On parle ici du « travail » de la main. Pour qui n’a vu que les manuscrits des Illuminations, minutieusement recopiés (on dirait presque scolairement), le mot peut surprendre. Et puis Rimbaud n’écrivait-il pas, en 1871, à Georges Izambard, pour qui « on se doit à la Société », qui fait « partie des corps enseignants » et roule « dans la bonne ornière » : « travailler, jamais, jamais ; je suis en grève », pour aussitôt préciser : « je veux être poète, je travaille à me rendre voyant. [...] Les souffrances sont énormes, mais il faut être fort, être né poète, et je me suis reconnu poète. » (lettre à Georges Izambard du 13 mai 1871).


Rimbaud précisera, pourtant, un an plus tard, ce qu’il en est de ce « travail » : « Maintenant c’est la nuit que je travaince. De minuit à cinq du matin. » (sic, Lettre à Ernest Delahaye, Parmerde, Junphe 72, Paris, juin 1872).

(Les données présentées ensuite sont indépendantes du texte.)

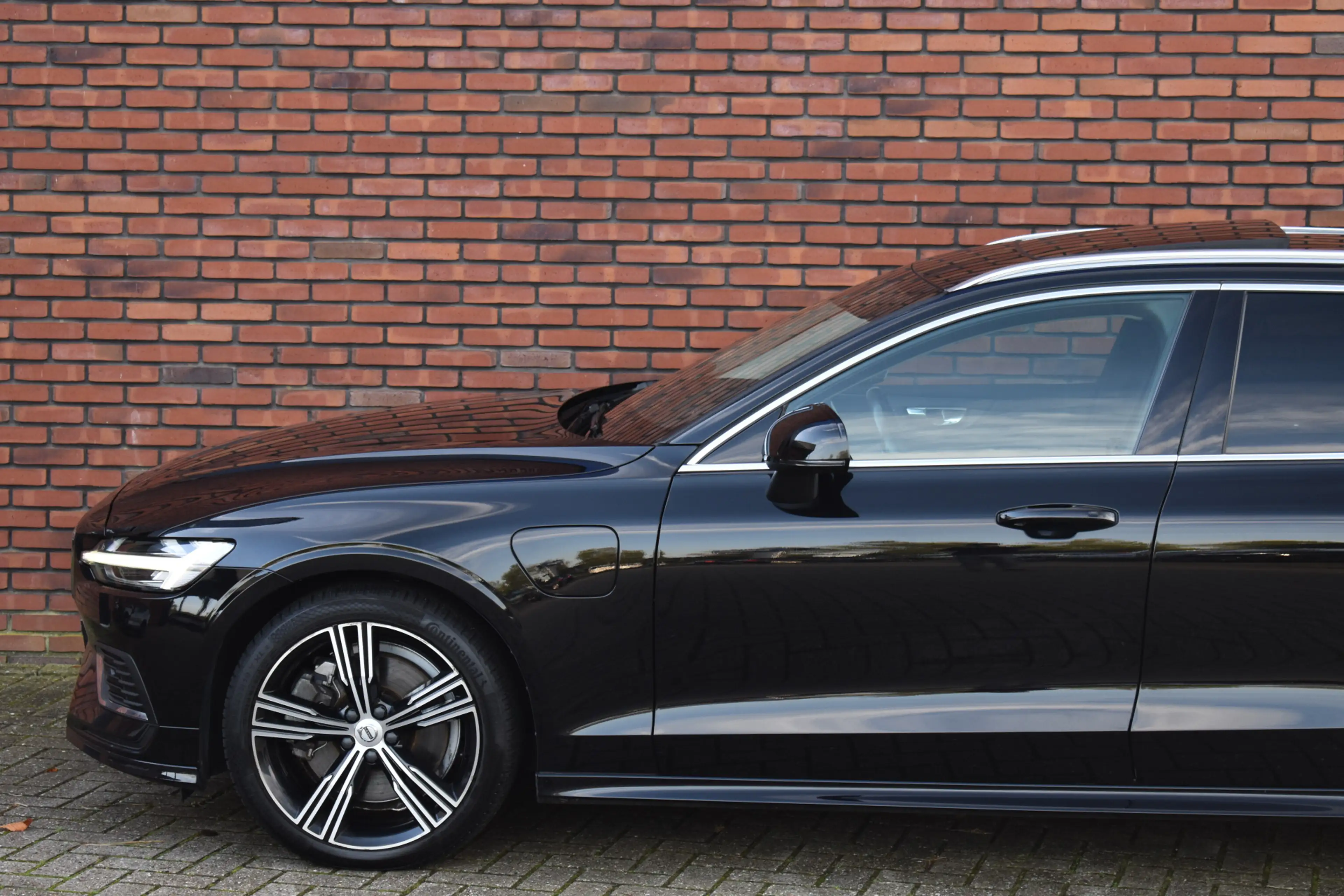 Volvo V60 T8 455PK Recharge AWD Inscription | Trekhaak | Lig — photo 11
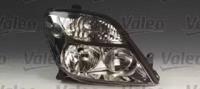 Valeo 087558 Headlamp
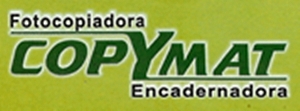 COPYMAT  Fotocopiadora e Encadernadora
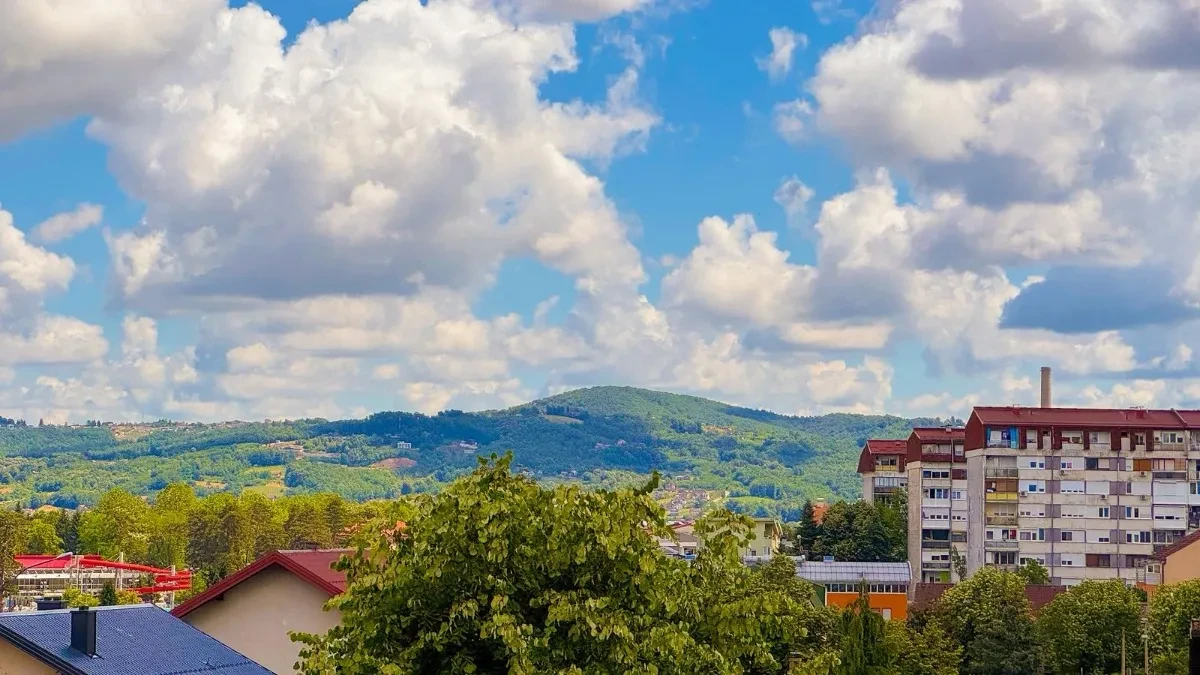 Prognoza za 12. jun: Evo kakvo nas vrijeme danas očekuje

Commentaire de Sollers dans Studio :
«  Je "travaince" : du latin vincere, "vaincre". Veni, vidi, viciTravaincer n’est pas travailler. Ça vient tout seul, ou rien. Attention, je travaince, ce sera ma vengeance, et elle n’est pas mince. » (Gallimard, 1997, p. 76. Je souligne)
Ça vient tout seul, ou rien. Mais pas sans lutte et ratures (et « maladresse dans la lutte » écrit Rimbaud au début de Mauvais sang).

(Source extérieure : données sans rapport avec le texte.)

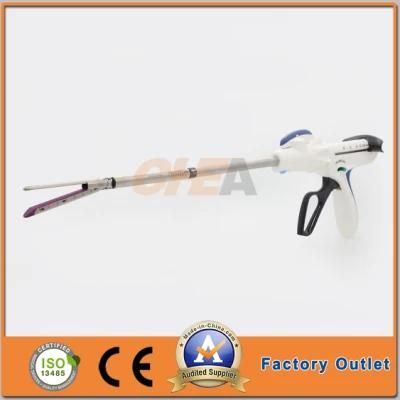 Articulating Endoscopic Endoscope Linear Cutter Stapler Similar to Covidien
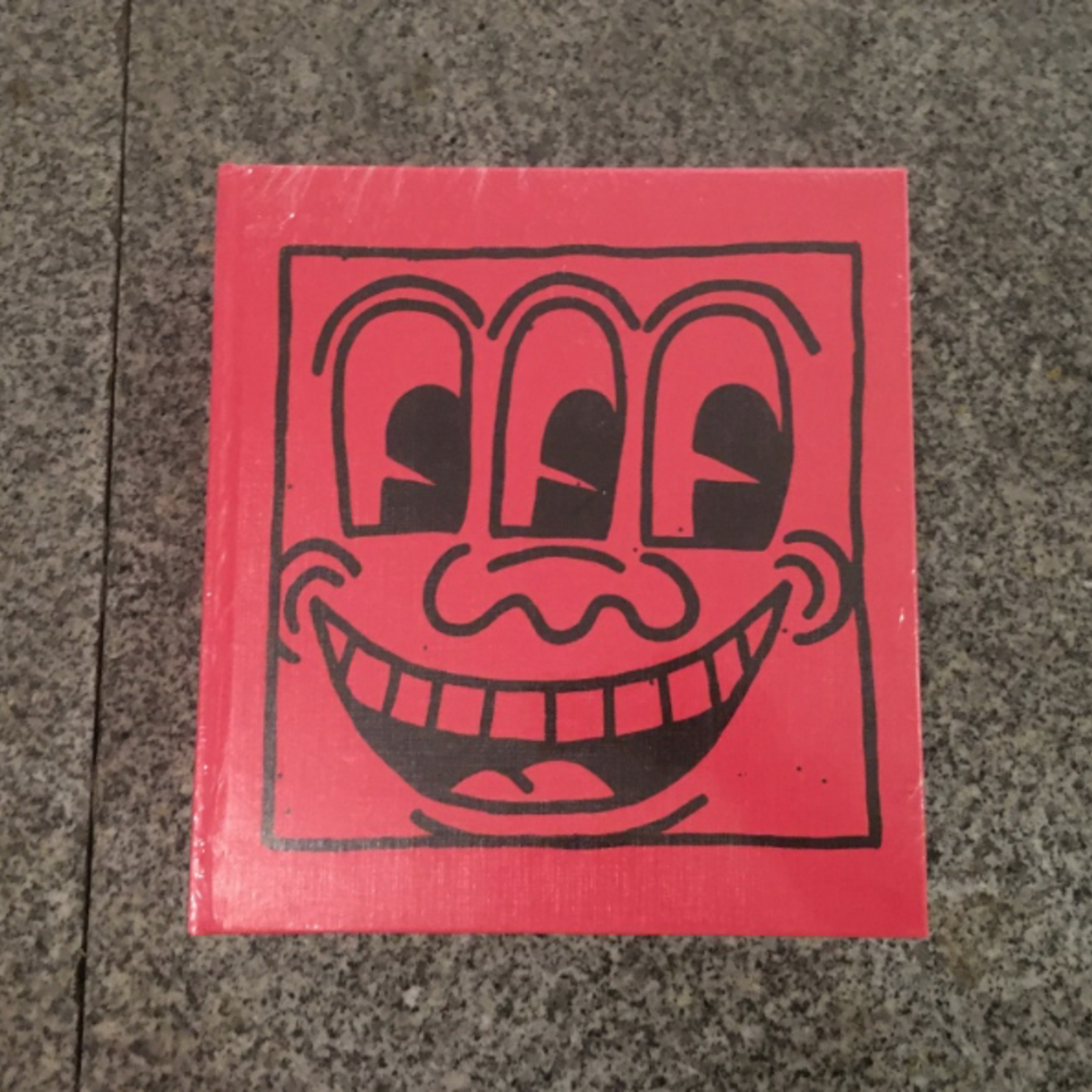 Keith Haring Book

La langue française a un beau mot, aux sens multiples, pour désigner de quoi il s’agit, c’est l’épreuve. Que nous dit le dictionnaire ?
« Épreuve. n.f. Conflit éprouvant le courage ou la résistance de quelqu’un : difficulté... Chacun des travaux, exercices ou interrogations dont se compose un examen... Essai pour éprouver la qualité d’une chose...» (Petit Larousse)

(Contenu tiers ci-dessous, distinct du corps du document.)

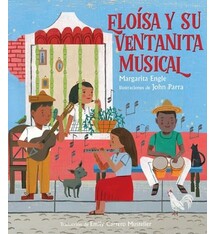 Atheneum Books for Young Readers Eloisa y su ventanita musical (Eloisa's Musical Window)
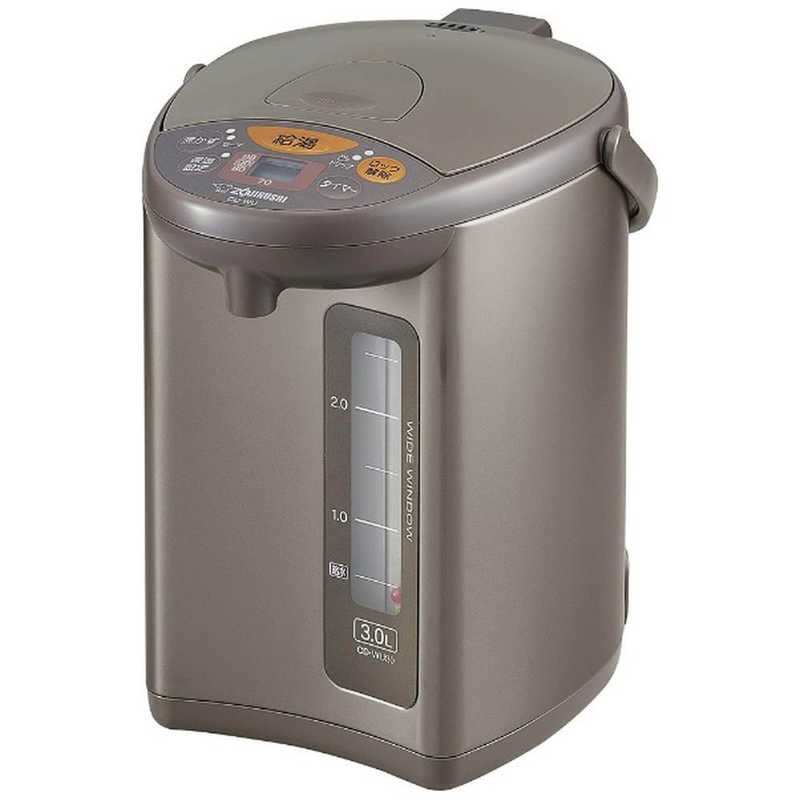 新品登場 象印 ZOJIRUSHI ポット CP-EA20-BM sushitai.com.mx
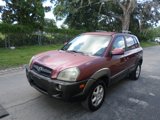 Used 2005 Hyundai Tucson GLS image 3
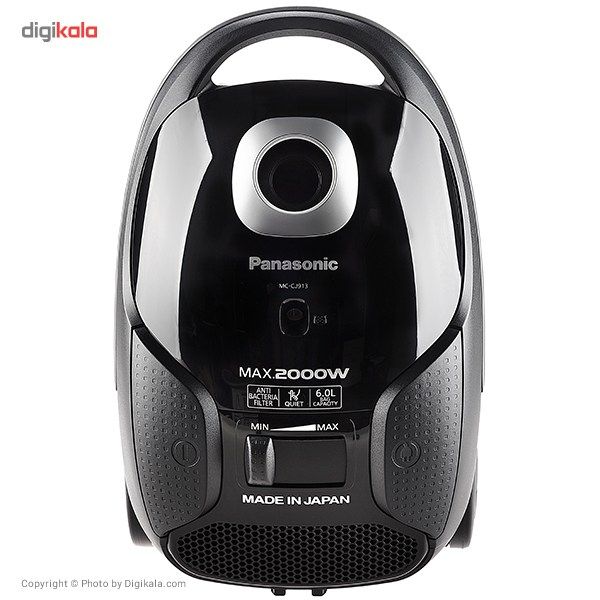 جاروبرقی 2000 وات پاناسونیک مدل MC-CJ913
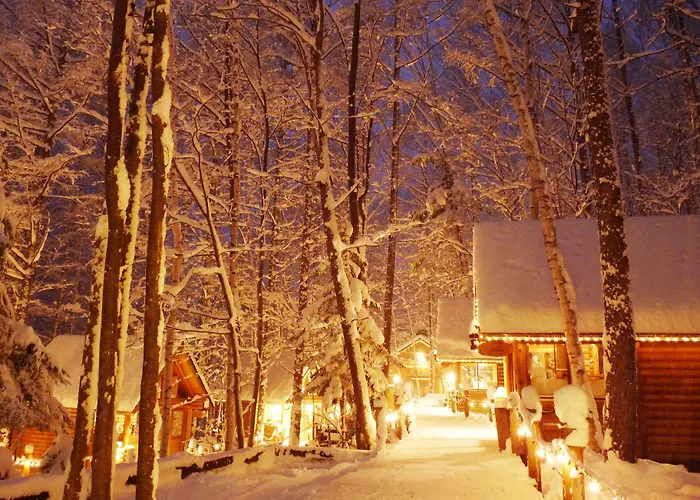 5 star hotels Shin Furano Prince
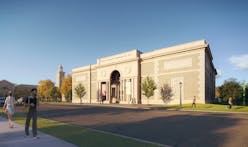 Robert A.M. Stern Architects adds to Notre Dame's arts educational offerings with modernizing Raclin Murphy Museum of Art redesign
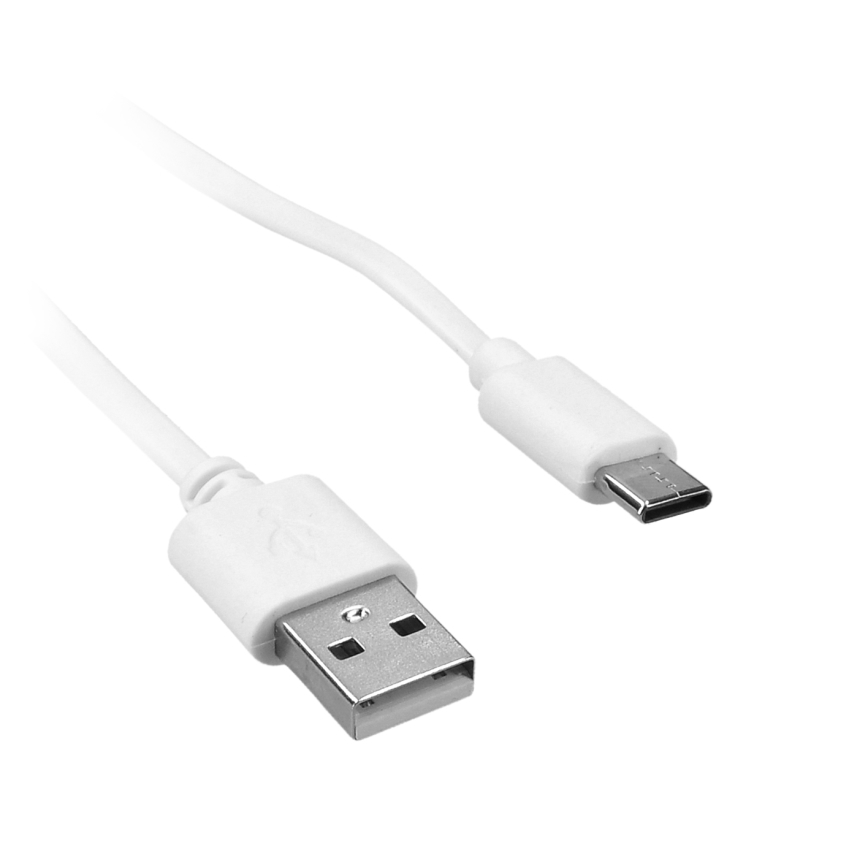 LED Prigušiva fleksibilna punjiva stolna lampa s kopčom LED/2W/1800 mAh 3000/4000/6500K bijela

Épreuve : « les souffrances sont énormes, mais il faut être fort ».
Épreuve (sans autre examinateur que le poète lui-même) : « La première étude de l’homme qui veut être poète est sa propre connaissance, entière ; il cherche son âme, il l’inspecte, il la tente, l’apprend. » (Lettre du Voyant, à Paul Demeny, 15 mai 1871).
Ces brouillons de Rimbaud sont des épreuves. Il n’est pas interdit d’entendre que ces épreuves sont aussi des preuves. De quoi ? D’une expérience fondamentale qui n’a plus rien à voir avec la « fadasse » « poésie subjective », ni avec les commentaires des « corps enseignants ».
Ces brouillons n’ont pas de titre. Publiés dans les deux premières éditions des oeuvres de Rimbaud dans la Pléiade (1954, 1963) sous le nom de Proses Johanniques - Ébauches, et désormais sous celui de Proses Évangéliques ou de Proses « Évangéliques », ces brouillons (ou ébauches) ont été écrits au verso de deux autres brouillons manuscrits des deux textes qui ouvrent, après Jadis...Une Saison en enfer : Mauvais sang et Fausse conversion (qui deviendra Nuit de l’enfer dans la version définitive). Au verso ou au recto ? Nul ne peut le dire aujourd’hui. On pense en général que les Proses Évangéliques ont été écrites à Roche au printemps 1873 avant que Rimbaud commençât Une Saison. Jean-Jacques Lefrère émet l’hypothèse qu’elles auraient pu être écrites dès 1872. C’est possible..., de même qu’il est possible que certaines pièces des Illuminations aient été écrites avant ou pendant Une Saison en enfer. Au-delà des raisons factuelles retenues par les commentateurs (le manque de papier), il est permis de considérer que ces brouillons constituent les côtés pile et face d’une même pièce, d’une même partition .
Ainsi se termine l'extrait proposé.